• _Work required_: Transcribe all of the data verbatim, please, and leave out its pictures.

• _Available data_:
——
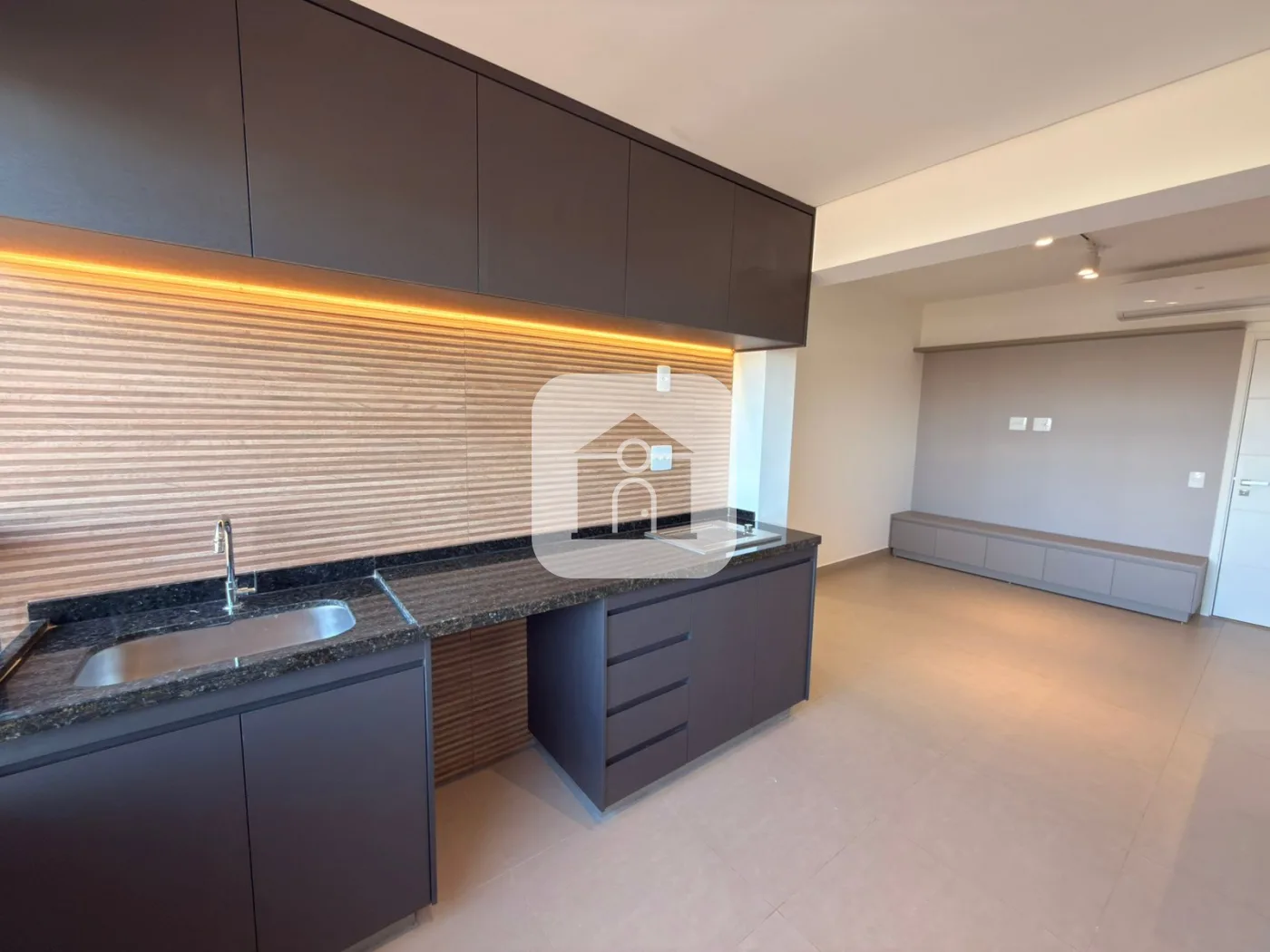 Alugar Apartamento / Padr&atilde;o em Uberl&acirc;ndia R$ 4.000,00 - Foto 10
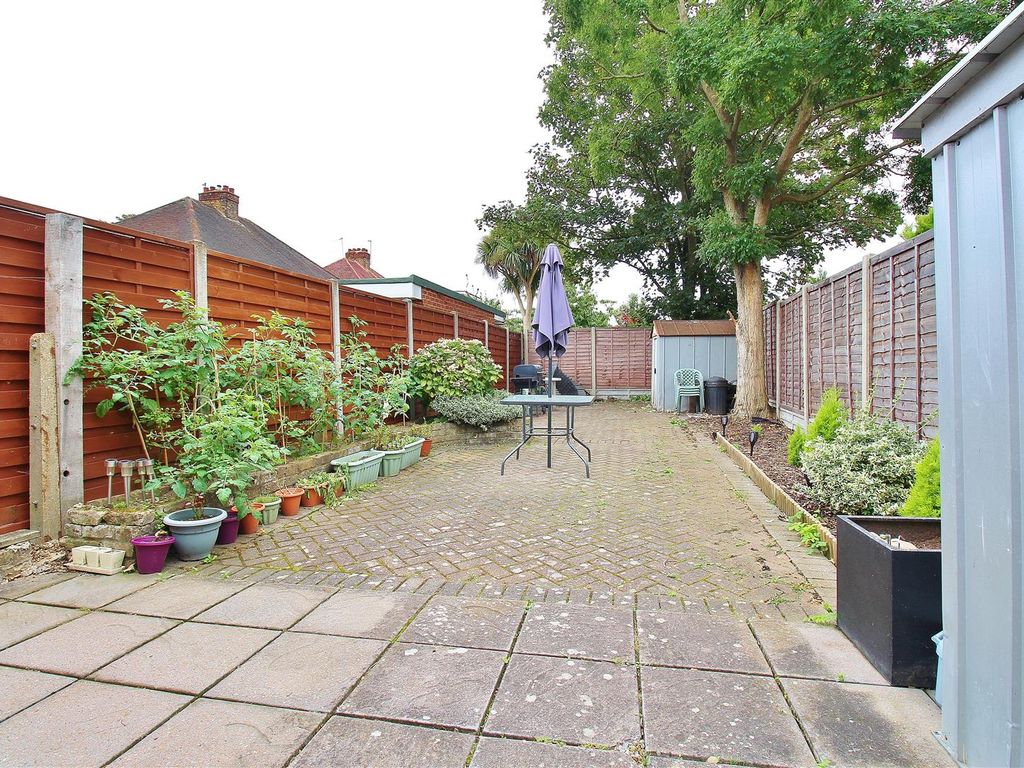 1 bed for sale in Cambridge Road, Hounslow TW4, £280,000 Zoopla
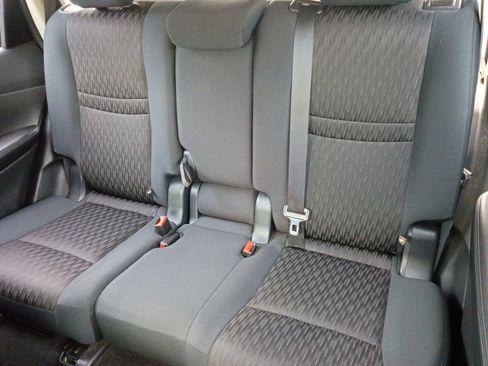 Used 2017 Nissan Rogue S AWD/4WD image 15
——
• _Reply to the task_:
 Alugar Apartamento / Padr&atilde;o em Uberl&acirc;ndia R$ 4.000,00 - Foto 10
 1 bed for sale in Cambridge Road, Hounslow TW4, £280,000 Zoopla
 Used 2017 Nissan Rogue S AWD/4WD image 15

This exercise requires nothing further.